Predictive analytics is helping the company in two main areas: reducing food waste and staff scheduling. Cutting food waste by 14% represents a colossal saving, but there’s a balance to be struck between waste and availability – zero waste may mean the company loses out on sales, because of lack of availability of products. Wilson notes:
It’s a two-dimensional matrix. There’s a trade-off between waste and availability. So we need to drive 14% improvement of waste without upsetting availability levels.
At this early stage, while the service is still being rolled-out, the emphasis is on ensuring the organization gets its investment back, but that will change over time, says Wilson, and the company will play around with the waste and availability ratio to find the optimal balance:
When we’re up and running, we’re happy to invest 14% in ways to improve availability because that’s an indicator of customer satisfaction.

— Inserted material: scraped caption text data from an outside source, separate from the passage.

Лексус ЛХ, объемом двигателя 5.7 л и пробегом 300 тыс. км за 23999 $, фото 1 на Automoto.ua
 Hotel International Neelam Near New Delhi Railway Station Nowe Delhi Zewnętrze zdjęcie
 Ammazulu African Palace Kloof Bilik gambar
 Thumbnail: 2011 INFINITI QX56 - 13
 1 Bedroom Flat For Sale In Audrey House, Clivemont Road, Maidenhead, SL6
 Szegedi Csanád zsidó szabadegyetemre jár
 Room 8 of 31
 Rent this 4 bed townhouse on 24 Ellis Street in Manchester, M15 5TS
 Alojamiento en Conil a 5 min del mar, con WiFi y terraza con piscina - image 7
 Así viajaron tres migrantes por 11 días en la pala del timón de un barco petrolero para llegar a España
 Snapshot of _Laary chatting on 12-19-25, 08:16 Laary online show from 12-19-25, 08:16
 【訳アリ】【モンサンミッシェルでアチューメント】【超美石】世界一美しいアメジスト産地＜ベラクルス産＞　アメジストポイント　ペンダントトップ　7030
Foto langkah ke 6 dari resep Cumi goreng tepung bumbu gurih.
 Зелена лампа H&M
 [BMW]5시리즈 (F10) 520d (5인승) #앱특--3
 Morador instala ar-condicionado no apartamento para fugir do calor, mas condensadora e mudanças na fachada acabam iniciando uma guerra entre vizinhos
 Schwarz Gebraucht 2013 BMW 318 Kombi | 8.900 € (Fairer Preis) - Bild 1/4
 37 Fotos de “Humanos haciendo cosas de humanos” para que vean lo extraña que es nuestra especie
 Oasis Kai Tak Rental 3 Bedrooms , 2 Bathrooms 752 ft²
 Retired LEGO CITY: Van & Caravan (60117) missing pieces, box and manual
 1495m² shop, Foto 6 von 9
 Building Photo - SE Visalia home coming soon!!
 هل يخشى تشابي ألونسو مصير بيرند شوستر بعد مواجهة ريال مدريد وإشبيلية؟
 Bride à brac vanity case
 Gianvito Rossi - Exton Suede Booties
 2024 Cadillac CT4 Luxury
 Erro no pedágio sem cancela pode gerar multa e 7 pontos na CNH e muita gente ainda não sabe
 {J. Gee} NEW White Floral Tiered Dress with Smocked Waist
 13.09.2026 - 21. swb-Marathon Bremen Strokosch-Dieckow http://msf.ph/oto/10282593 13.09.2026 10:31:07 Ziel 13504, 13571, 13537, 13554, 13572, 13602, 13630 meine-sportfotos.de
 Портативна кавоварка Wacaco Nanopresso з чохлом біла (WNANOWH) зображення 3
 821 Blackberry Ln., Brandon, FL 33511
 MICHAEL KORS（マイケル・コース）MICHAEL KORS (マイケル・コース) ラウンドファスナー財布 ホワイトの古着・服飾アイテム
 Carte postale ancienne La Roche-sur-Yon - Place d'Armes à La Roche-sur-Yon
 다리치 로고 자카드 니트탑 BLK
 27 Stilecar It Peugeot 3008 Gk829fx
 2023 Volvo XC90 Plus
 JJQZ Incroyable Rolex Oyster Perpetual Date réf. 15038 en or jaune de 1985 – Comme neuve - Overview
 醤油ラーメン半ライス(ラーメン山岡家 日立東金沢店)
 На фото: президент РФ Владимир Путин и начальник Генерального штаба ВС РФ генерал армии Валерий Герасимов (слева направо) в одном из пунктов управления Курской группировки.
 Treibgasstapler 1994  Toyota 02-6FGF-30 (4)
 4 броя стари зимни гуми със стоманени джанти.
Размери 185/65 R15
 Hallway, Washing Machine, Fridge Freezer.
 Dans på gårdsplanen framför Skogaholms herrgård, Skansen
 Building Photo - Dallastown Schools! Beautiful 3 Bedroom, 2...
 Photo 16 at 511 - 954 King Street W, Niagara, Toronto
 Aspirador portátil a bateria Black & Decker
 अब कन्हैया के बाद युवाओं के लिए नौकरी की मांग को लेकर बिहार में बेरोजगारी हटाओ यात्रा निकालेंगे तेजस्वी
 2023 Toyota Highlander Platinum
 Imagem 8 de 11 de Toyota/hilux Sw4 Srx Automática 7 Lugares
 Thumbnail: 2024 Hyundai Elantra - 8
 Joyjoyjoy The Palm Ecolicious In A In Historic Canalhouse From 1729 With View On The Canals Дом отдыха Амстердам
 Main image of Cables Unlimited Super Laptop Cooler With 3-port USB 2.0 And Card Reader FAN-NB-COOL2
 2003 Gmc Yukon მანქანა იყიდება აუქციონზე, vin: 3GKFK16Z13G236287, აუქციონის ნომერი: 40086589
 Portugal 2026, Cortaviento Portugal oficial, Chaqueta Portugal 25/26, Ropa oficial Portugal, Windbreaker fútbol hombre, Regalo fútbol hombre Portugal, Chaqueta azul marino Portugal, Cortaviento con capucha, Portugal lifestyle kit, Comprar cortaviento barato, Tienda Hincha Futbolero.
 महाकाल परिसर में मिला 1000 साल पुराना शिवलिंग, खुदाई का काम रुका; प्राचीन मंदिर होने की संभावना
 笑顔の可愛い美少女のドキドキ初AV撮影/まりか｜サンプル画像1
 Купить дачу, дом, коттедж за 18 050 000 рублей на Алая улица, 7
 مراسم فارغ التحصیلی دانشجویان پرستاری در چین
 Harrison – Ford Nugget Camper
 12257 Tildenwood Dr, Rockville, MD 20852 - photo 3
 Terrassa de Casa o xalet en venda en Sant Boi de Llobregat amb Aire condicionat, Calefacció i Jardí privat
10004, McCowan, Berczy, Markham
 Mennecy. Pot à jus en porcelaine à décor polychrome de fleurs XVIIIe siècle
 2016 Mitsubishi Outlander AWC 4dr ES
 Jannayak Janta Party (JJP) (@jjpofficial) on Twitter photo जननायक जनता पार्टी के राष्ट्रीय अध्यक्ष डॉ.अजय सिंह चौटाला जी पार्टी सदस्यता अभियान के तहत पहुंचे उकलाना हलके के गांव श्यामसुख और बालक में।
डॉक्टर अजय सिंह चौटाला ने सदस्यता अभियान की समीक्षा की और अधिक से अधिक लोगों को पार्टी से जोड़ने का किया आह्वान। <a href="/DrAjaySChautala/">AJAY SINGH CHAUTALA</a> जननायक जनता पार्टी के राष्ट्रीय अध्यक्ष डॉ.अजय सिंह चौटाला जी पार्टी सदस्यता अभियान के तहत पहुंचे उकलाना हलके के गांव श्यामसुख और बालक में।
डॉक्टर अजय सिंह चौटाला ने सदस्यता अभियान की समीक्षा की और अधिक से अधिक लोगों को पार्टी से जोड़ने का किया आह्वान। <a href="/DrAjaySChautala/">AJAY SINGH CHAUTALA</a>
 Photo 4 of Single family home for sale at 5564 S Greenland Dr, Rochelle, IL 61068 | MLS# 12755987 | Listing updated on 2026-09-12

Forecasting is complicated by the fact that hot food and cold food have different resource requirements. Cold food can be prepared beforehand and put in the fridge, making it “light on labour”. Both the production, preparation and servicing of hot food is “much more resource intensive” requiring more staff in-store. Wilson expands:
£1,000 of hot food takes more resources that £1,000 of cold food, so we have to schedule those requirements.
Armed with more accurate knowledge about anticipated buying habits, EAT. will be able to put extra staff in their stores when there is a high demand for hot food.
Being able to look at sales on a product level rather than by total sales will give EAT. a far richer insight into its own product lines, including identifying the best-selling products. Store managers used to spend 45 minutes to an hour a day making their orders, but admin can be reduced to just five minutes. This three week forecasting will also help the supply chain team immensely to order food more efficiently.
So beyond reducing waste, optimizing staffing levels and keeping customers happy, Wilson believes:
The ripple effects of this are significant.